Art By Wayne Reynolds |
For those of you who are not familiar with the sundering rules, I'll do my best to explain them. During combat, you can choose to sunder an item held or worn by your opponent as part of an attack action in place of a melee attack. If your attack is successful, you deal damage to the item normally. Damage that exceeds the object's Hardness is subtracted from its hit points. If an object has equal to or less than half its total hit points remaining, it gains the broken condition. If the damage you deal would reduce the object to less than 0 hit points, you can choose to destroy it. If you do not choose to destroy it, the object is left with only 1 hit point and the broken condition.
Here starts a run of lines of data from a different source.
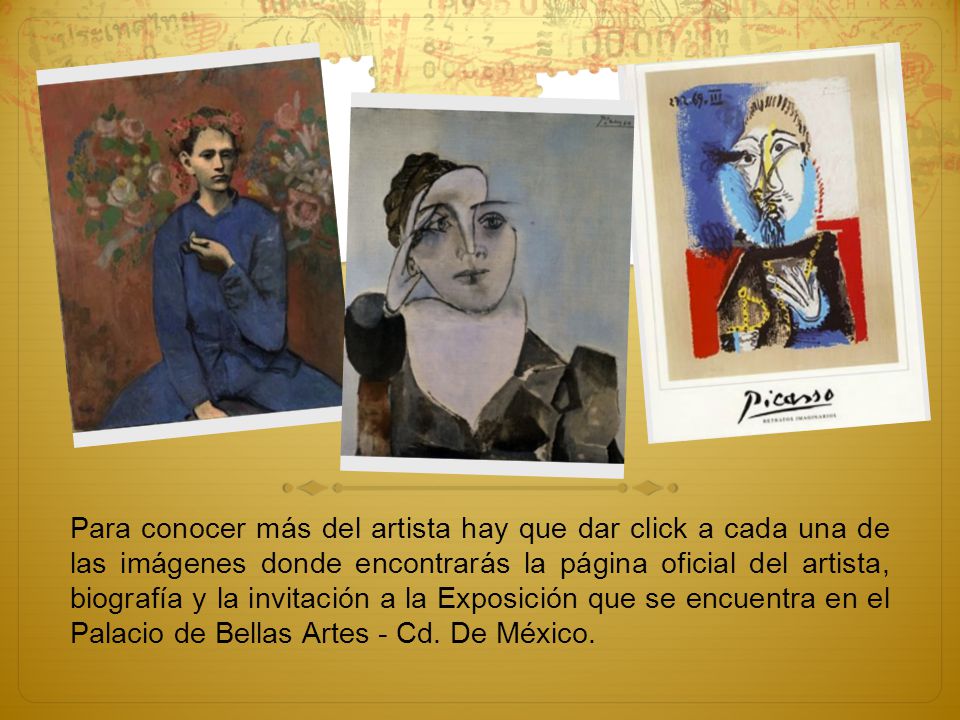Para conocer más del artista hay que dar click a cada una de las imágenes donde encontrarás la página oficial del artista, biografía y la invitación a la Exposición que se encuentra en el Palacio de Bellas Artes - Cd.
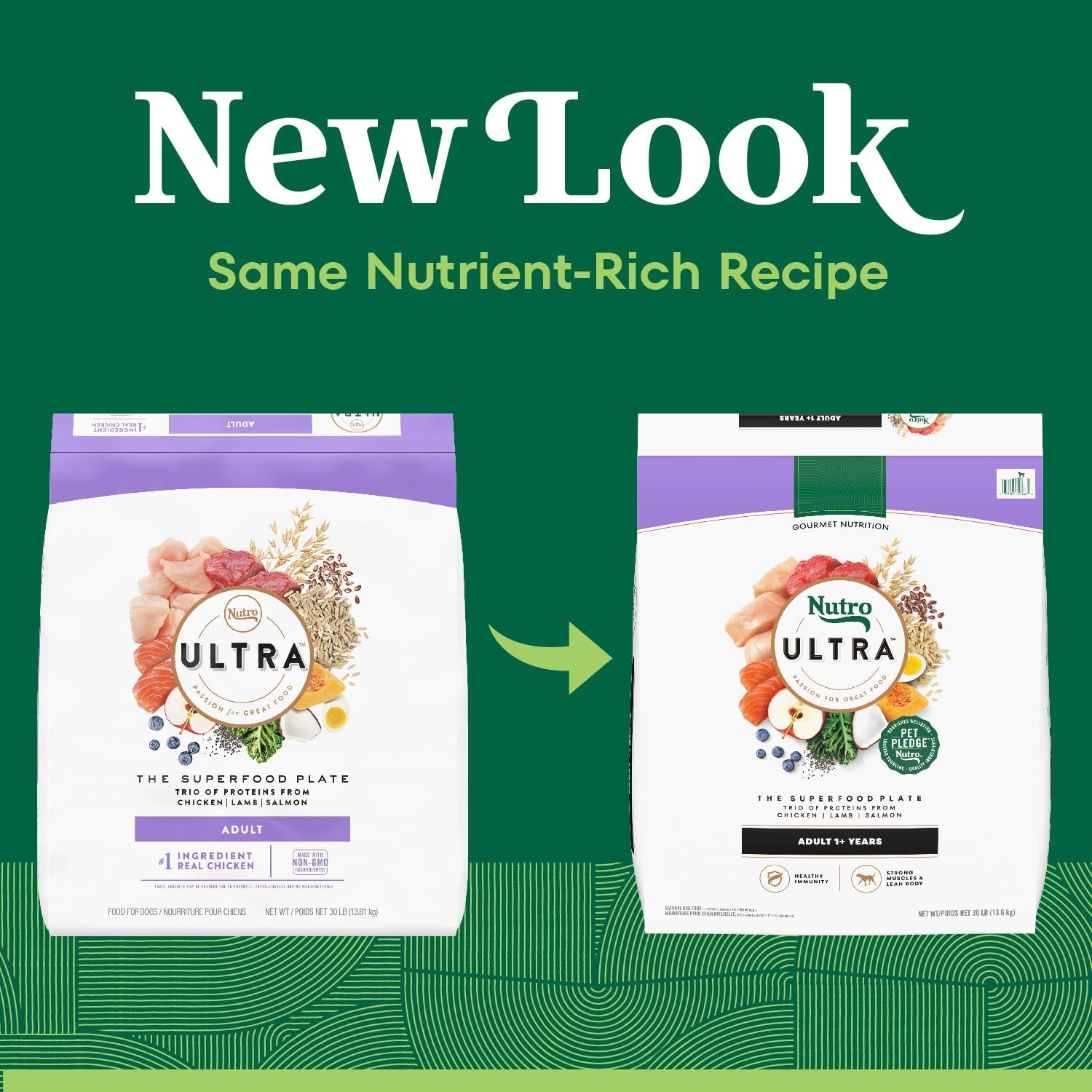 Nutro Ultra Adult Dry Dog Food with a Trio of Proteins from Chicken, Lamb, 30 lb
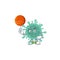 Attractive coronaviruses cartoon mascot design with basketball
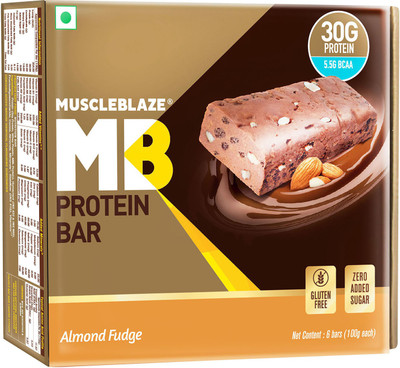 

MuscleBlaze Hi-Protein Bar (30g Protein), 6 Piece(s) Nutrition Bars(6 No, Almond Fudge)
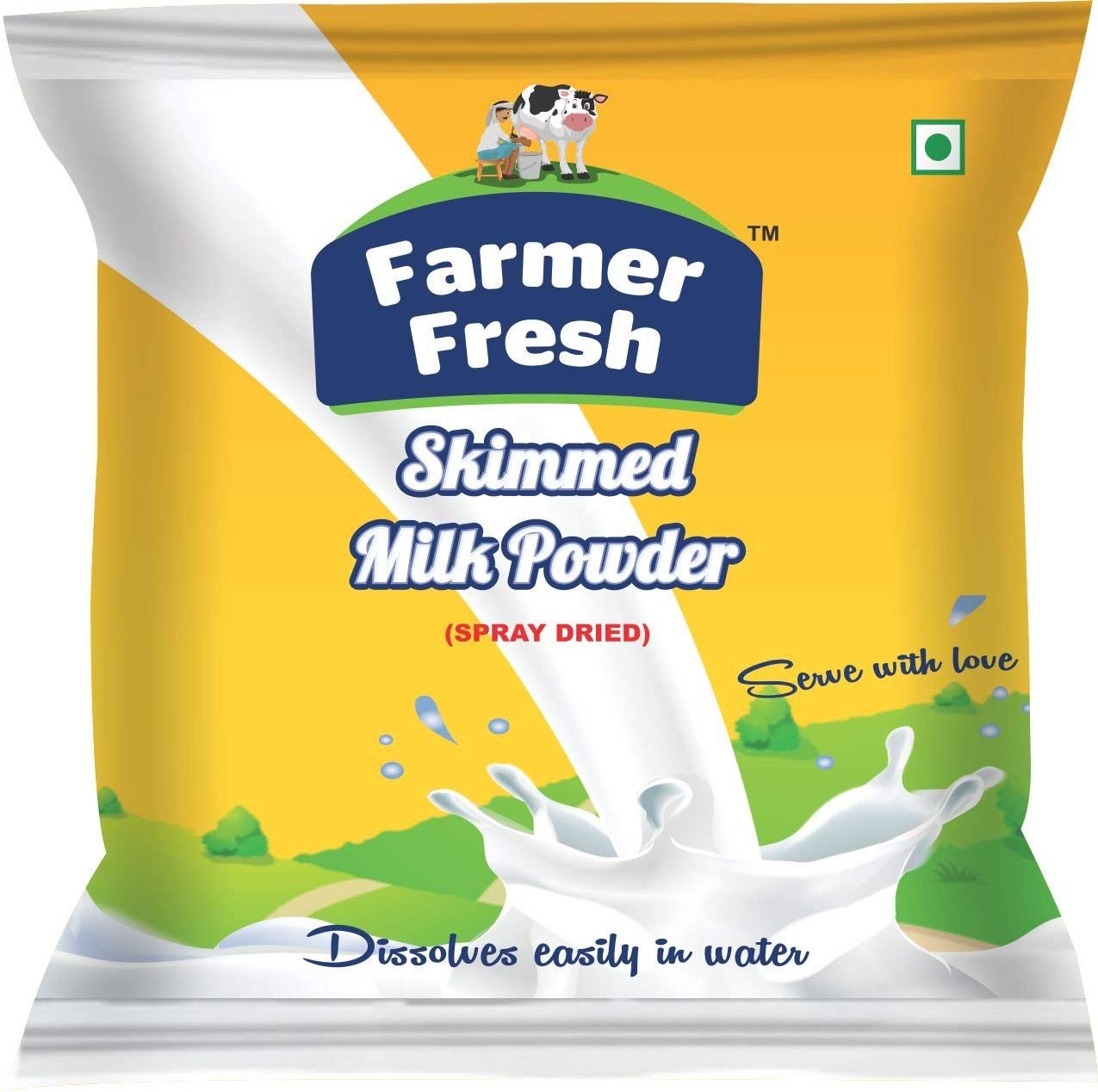 "Farmer Fresh Pure Skimmed Milk Powder (500g) | 100% Natural Low Fat, High Protein Milk Powder with No Preservatives & No Added Sugar | Dairy Powder for Baking, Tea, Coffee & Homemade Dahi/Curd"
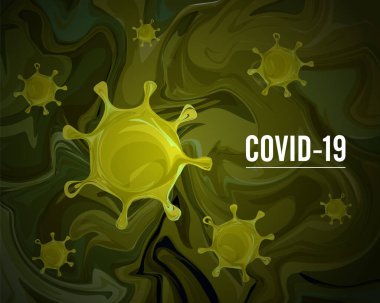 Yeşil arka planda Coronavirus COVID-2019. 2020 Corona Virüs Salgını. Vektör illüstrasyonu.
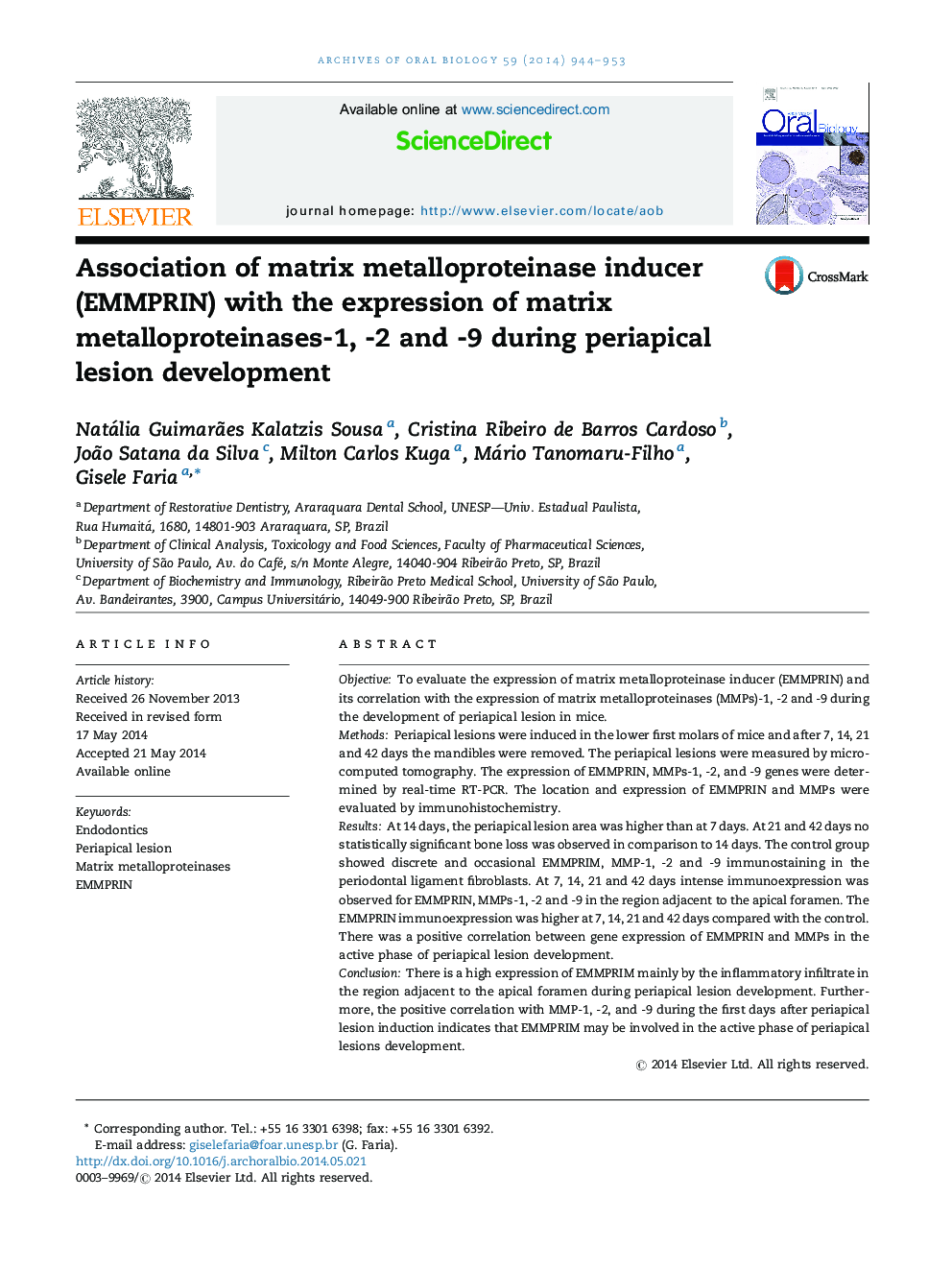 Association of matrix metalloproteinase inducer (EMMPRIN) with the expression of matrix metalloproteinases-1, -2 and -9 during periapical lesion development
As I've mentioned before, I'm not the biggest fan of keeping multiple hit point totals, and I don't feel like keeping track of another pool for each weapon. Also, I've never found these rules all that fun to use at the table. If you don't feel like whacking away at an opponent's items for a few turns, and hope to God you don't roll under the item's Hardness again and again, I don't see why you'd ever try and sunder something.
So, why not abstract the rules somewhat and make the whole process a lot easier to use. When you attempt to sunder an item, you'd still make a CMB check against your opponent's CMD. However, instead of rolling damage if you succeed, you'd place a condition called "Weakened" onto the item. The Weakened condition would cause the user of the item to suffer a -1 penalty to attack rolls, damage rolls, or AC when using the item. If you succeed on a second CMB check, the item gains the Broken condition as presented in the Pathfinder RPG Core Rulebook. If you succeed on a third attempt, the item is destroyed. If you succeed by 5 or more on the check, you deal the worse condition (5 or more makes the item Broken, and 10 or more destroys the item).
These rules are still kind of rough and I plan on refining them further. I might also add some additional rules, like making items made from certain materials (like adamantine) easier to sunder with and harder to break. However, I wanted to see what others thought of the basic idea and get some feedback.